* Your task
For the listing below, output exactly the lines from the line with "metallic gold plastic cutlery" up to and including the line with "Водни оръдия, камъни", and no other lines.

* Input data
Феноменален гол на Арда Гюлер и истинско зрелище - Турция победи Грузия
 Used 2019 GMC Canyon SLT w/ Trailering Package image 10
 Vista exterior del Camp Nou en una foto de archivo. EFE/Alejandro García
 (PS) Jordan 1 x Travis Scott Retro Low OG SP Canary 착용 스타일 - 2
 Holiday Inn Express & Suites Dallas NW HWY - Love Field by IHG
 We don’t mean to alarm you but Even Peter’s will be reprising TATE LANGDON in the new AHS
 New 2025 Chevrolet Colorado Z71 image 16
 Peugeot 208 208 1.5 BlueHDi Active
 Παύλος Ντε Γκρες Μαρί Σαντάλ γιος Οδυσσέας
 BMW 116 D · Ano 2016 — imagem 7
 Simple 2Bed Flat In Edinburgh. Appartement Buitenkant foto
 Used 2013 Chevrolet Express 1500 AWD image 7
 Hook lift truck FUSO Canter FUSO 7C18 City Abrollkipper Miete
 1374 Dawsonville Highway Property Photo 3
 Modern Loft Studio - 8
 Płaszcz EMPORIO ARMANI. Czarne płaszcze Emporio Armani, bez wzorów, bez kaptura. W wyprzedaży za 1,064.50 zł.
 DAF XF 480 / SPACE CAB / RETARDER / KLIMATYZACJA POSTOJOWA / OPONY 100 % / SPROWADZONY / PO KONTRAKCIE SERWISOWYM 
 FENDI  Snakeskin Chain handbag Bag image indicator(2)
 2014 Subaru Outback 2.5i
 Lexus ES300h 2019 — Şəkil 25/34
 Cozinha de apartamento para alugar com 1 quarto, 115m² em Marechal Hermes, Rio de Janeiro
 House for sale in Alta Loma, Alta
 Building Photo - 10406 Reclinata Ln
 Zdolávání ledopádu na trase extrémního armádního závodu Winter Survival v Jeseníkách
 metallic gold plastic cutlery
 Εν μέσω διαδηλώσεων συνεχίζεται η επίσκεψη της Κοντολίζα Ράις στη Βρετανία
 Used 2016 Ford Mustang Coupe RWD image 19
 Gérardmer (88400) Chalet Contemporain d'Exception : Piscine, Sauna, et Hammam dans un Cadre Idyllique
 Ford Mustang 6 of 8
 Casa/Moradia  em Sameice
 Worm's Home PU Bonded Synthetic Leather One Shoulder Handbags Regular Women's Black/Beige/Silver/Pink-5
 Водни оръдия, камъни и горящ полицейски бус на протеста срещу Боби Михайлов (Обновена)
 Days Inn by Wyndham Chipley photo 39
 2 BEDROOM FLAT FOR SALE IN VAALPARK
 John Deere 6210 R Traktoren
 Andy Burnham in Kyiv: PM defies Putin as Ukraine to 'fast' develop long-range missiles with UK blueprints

* Task result
 metallic gold plastic cutlery
 Εν μέσω διαδηλώσεων συνεχίζεται η επίσκεψη της Κοντολίζα Ράις στη Βρετανία
 Used 2016 Ford Mustang Coupe RWD image 19
 Gérardmer (88400) Chalet Contemporain d'Exception : Piscine, Sauna, et Hammam dans un Cadre Idyllique
 Ford Mustang 6 of 8
 Casa/Moradia  em Sameice
 Worm's Home PU Bonded Synthetic Leather One Shoulder Handbags Regular Women's Black/Beige/Silver/Pink-5
 Водни оръдия, камъни и горящ полицейски бус на протеста срещу Боби Михайлов (Обновена)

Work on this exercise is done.